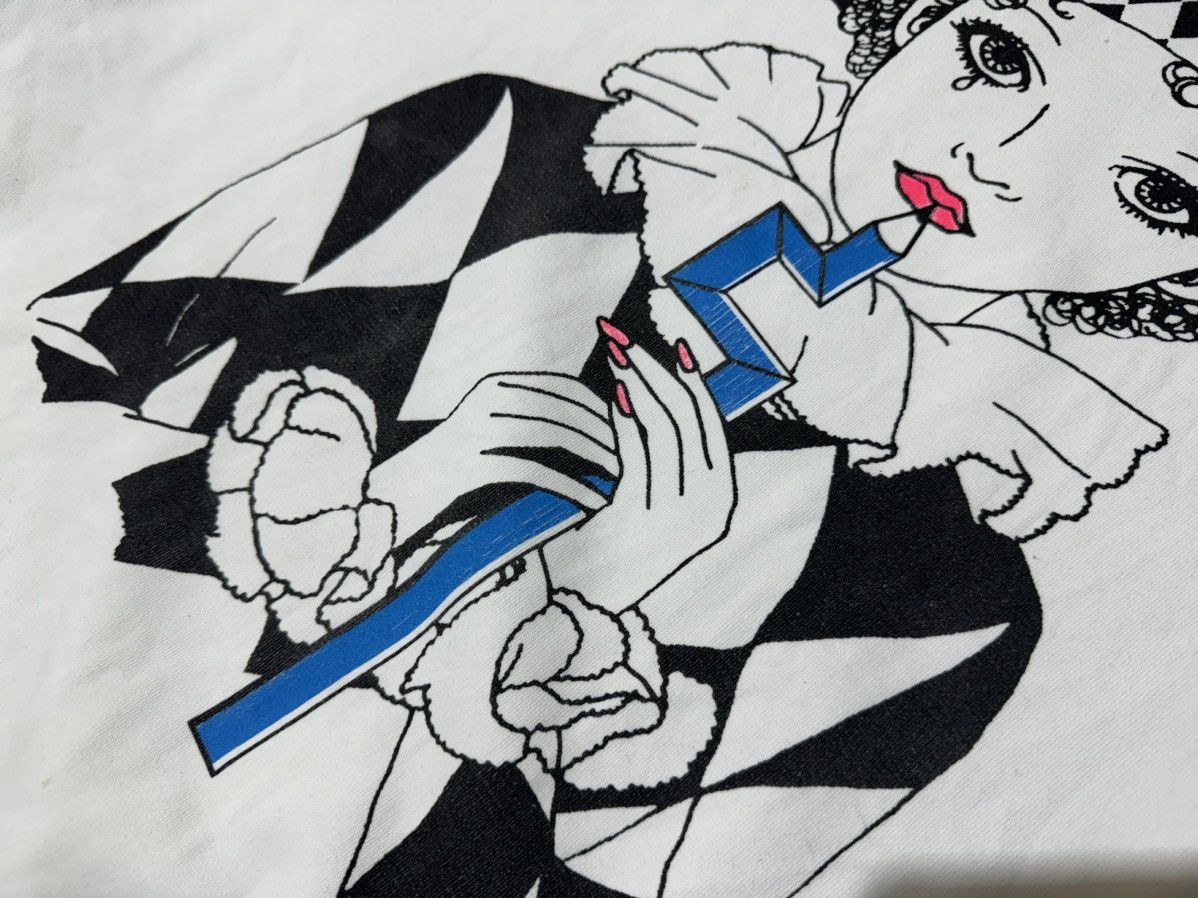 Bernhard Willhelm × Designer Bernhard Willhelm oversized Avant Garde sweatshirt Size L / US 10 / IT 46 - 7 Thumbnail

==

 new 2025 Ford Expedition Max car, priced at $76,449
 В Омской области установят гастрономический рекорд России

-- PROMPT --
Of the entries above, transcribe exactly those lines that fall between the line containing "new 2025 Ford" and the line containing "В Омской области установят", together with those two lines.

-- REPLY TO THE EXERCISE --
 new 2025 Ford Expedition Max car, priced at $76,449
 В Омской области установят гастрономический рекорд России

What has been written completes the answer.